-- Data segment follows --

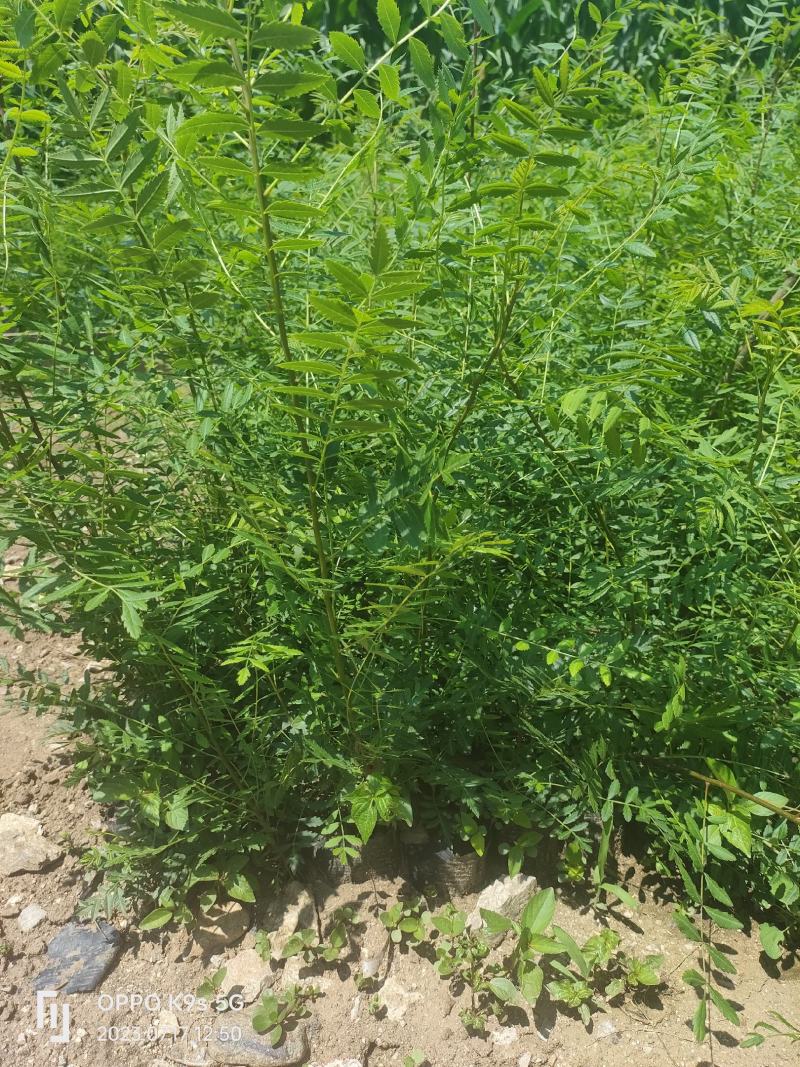 文冠果杯苗，裸根苗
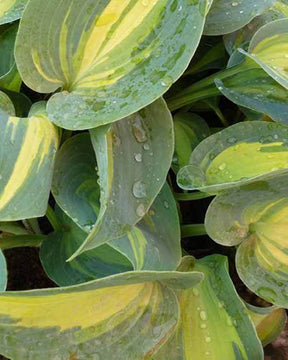 Hosta Touch of Class Funkia - Hosta - Hosta Touch of Class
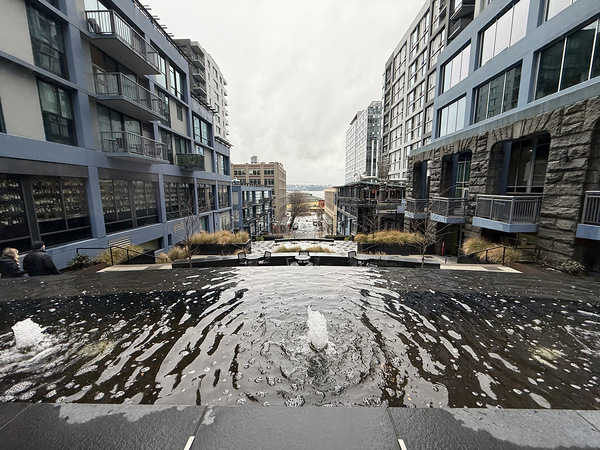 IMG 8438 Digital Download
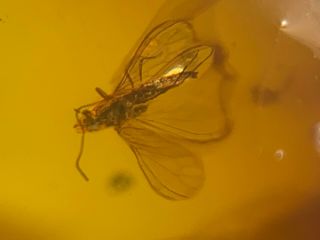 Uncommon Flying Fly Bug Burmite Myanmar Burmese Amber Insect Fossil Dinosaur Age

-- Data segment concluded --

» **Work task**
Would you retype the listing above exactly, omitting its pictures?

» **Written answer**
 文冠果杯苗，裸根苗
 Hosta Touch of Class Funkia - Hosta - Hosta Touch of Class
 IMG 8438 Digital Download
 Uncommon Flying Fly Bug Burmite Myanmar Burmese Amber Insect Fossil Dinosaur Age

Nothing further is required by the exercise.